| |
Tatara, titiri...
Türkiye'nin AB tam üyelik süreci ne Türkiye'deki "AB düşmanlarının" ne de Avrupa'daki "Türkiye muhaliflerinin" engelleyemeyeceği bir noktaya doğru ilerliyor. O nedenle, Türkiye "bir iç sömürge olarak kalsın" arzusuna dayalı mırıltılara aldırmadan, bundan sonra daha teknik konulara yoğunlaşma zorunluluğu var... Müzakere süreci için fikirsel egzersizler yapma arzusunda olanlar için çarşamba günü asla ıskalanmaması gereken bir haber yayınlandı. Tarımsal konumu açısından Türkiye'ye en fazla benzeyen Polonya'nın AB ile müzakere sürecindeki "baş müzakerecisi" olan Polonya eski Tarım Bakan Yardımcısı, "Türkiye Süt, Et ve Gıda Sanayicileri ve Üreticileri Birliği"nin davetlisi olarak Türkiye'deydi ve kendi ülkesindeki tarımsal dönüşümü anlattı. Çarşamba günkü konuşma ile ilgili haber, Polonya tarımının AB sürecindeki inanılmaz devriminin resmini yansıtıyordu.
*** Polonya'nın AB nezdindeki "baş müzakerecisi" Jerzy Plewa iki ülke arasındaki "tarımsal benzerliklere" dikkati çekiyor... Polonya'nın tarımsal yapısı şöyle: Ortalama tarımsal işletme büyüklüğü 8.4 hektar.

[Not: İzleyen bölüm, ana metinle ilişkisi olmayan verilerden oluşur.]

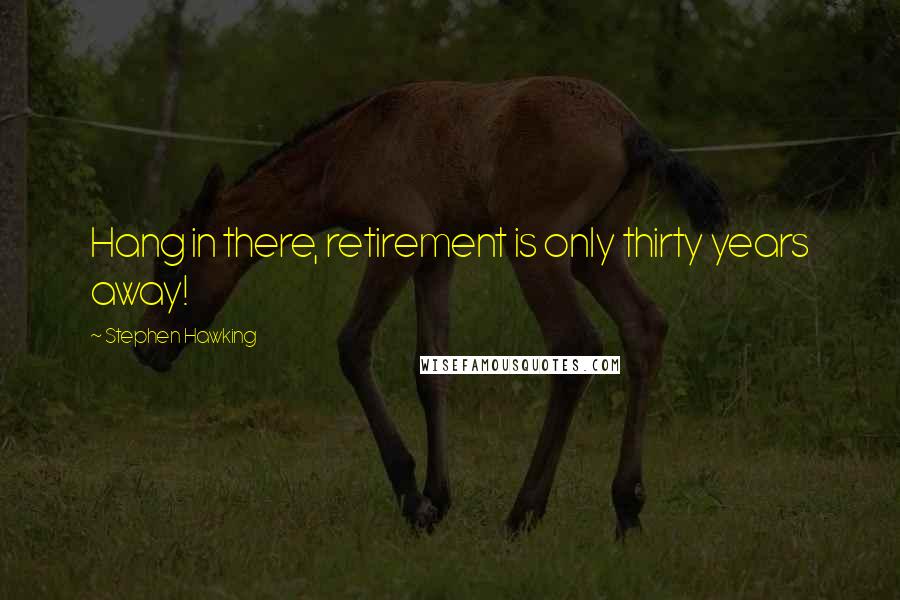 Stephen Hawking Quotes: Hang in there, retirement is only thirty years away!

Nüfusun yüzde 38'i kırsal alanda. Aktif nüfusun yüzde 18'i ise tarımda. Tarıma verilen bütçe desteği de bir milyar euro... Peki ya Türkiye? Onu da, Türkiye tarımının gerçeğini derinlemesine veren "Türkiye Ulusal Programı"dan okuyalım: "Ülkemizde 1950 yılında 2.2 milyon olan tarım işletmesi sayısı 1990 yılında 3.9 milyona çıkmıştır. Buna paralel olarak 1950 yılında yüz dekar olan ortalama işletme büyüklüğü 1990 yılında giderek küçülerek 59 dekara düşmüştür. 1991 yılı genel tarım sayımı sonuçlarına göre ülkemizde 21.6 milyon parça tarım alanı bulunmakta ve işletme başına ortalama beş parça arazi isabet etmektedir. Yani çiftçilerimiz beş ayrı parça üzerinde çiftçilik yapmaya çalışmaktadır."
*** Polonya'da ortalama tarım işletme büyüklüğü 8.4 hektar. Türkiye'de ise 5.9 hektar. Peki ya AB ortalaması ne? 17.4 hektar... AB ortalaması Polonya'nın iki, Türkiye'nin ise neredeyse üç katı büyüklüğünde... Üstelik bizdeki gibi paramparça değil... Türkiye'de çalışan nüfusun yüzde 34'ünün, toplam nüfusun ise yüzde 50'sinin köylü olduğunu söylemeye gerek yok. Polonya, AB süreci başladıktan sonra tarımda "net ithalatçılıktan net ihracatçılığa" geçmiş... 2004 yılının ilk altı ayında Polonya'nın AB'ye yaptığı ihracat 1.5 milyar euro olmuş... Eski baş müzakereci, değişimin on yılını örneklerle anlatmakta... AB'nin teknik yardımları... Yeni yatırımlar... Çiftçi gruplarına verilen destekler... Beş yıl önce Polonya'nın toplam süt üretiminin ancak yüzde 20'si AB standartlarına uygun iken bugün yüzde 90'ı bu standarda ulaşmış. 2000 yılındaki tarım ihracatı 1.3 milyar euro iken bu rakam 2003 yılında ikiye katlanmış. Şu an Polonya'da AB'ye ihracat yapabilme sertifikasına sahip 200 firma varmış... 1200 işletme de bir buçuk yıl içinde uyum sağlayacakmış. Kısacası müthiş bir dönüşüm macerası...
*** Türkiye, müzakere arifesinde teknik konulara, bizden önce yaşanan müzakere süreçlerine dikkatle eğilmeli... Polonya örneğini Türkiye'ye taşıyan SETBİR çok olumlu bir iş yapmış. Hamaset tatavasının bittiği, teknik konuların öne çıktığı, tartışmaların nitelik kazanacağı bir dönemeçteyiz... 17 Aralık'a doğru lafazanlık yerine teknik çalışmanın öne çıkması gerektiği ortada. Polonya tarım konusunda bu açıdan çok iyi bir laboratuar.